» **COLLECTED DATA**
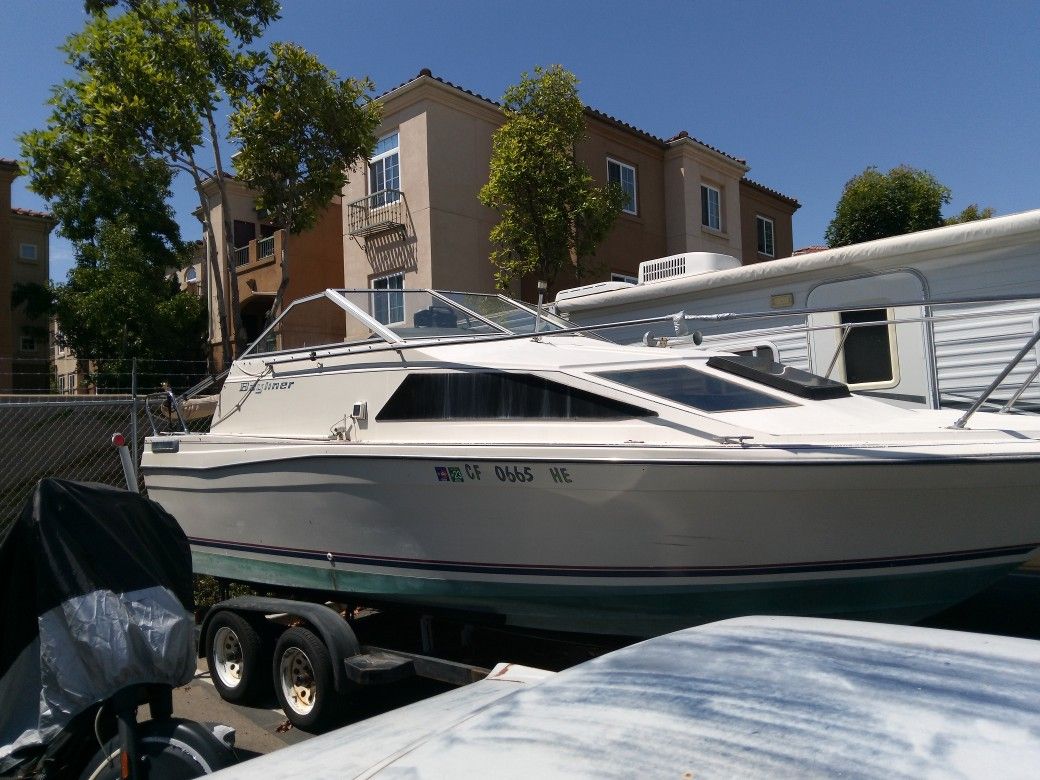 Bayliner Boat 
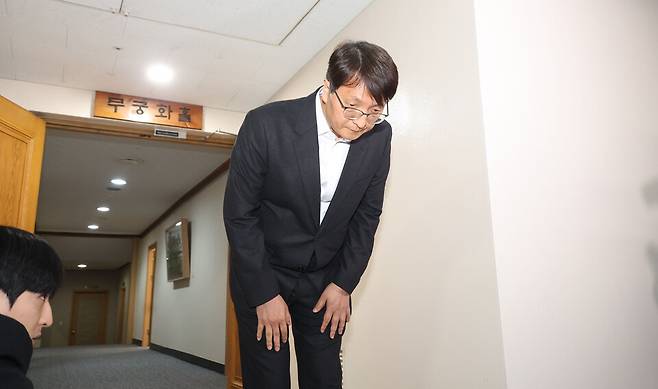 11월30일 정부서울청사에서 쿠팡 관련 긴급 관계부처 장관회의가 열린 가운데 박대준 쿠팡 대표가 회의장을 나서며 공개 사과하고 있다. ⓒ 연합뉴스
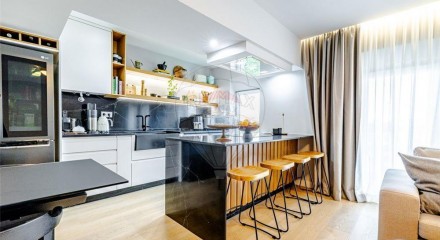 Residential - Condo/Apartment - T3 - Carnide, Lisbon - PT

» **YOUR OBJECTIVE**
Without changing a word, retype the data above and omit its pictures.

» **WRITTEN ANSWER**
 Bayliner Boat 
 11월30일 정부서울청사에서 쿠팡 관련 긴급 관계부처 장관회의가 열린 가운데 박대준 쿠팡 대표가 회의장을 나서며 공개 사과하고 있다. ⓒ 연합뉴스
 Residential - Condo/Apartment - T3 - Carnide, Lisbon - PT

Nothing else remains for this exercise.